### Material shown
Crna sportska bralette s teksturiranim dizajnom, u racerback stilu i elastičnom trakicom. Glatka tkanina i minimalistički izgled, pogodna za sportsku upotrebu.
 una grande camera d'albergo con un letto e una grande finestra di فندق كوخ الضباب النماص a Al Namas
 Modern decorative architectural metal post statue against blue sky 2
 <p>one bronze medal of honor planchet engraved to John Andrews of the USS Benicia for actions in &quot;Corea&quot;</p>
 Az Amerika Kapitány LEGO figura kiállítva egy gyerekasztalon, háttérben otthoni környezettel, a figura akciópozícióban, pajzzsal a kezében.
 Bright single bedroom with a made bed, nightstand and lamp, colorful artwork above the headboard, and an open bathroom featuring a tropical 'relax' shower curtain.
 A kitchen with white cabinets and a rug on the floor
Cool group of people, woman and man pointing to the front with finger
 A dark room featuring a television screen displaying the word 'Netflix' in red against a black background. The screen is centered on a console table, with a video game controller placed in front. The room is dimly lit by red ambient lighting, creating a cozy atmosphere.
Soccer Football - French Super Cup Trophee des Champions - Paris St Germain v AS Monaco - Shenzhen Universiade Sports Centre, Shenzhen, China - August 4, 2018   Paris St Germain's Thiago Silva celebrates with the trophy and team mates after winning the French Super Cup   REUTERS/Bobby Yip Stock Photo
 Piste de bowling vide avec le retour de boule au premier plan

### Problem to solve
Look through the data above. Find each line with the string "against" and copy it.

### Answer box
 Modern decorative architectural metal post statue against blue sky 2
 A dark room featuring a television screen displaying the word 'Netflix' in red against a black background. The screen is centered on a console table, with a video game controller placed in front. The room is dimly lit by red ambient lighting, creating a cozy atmosphere.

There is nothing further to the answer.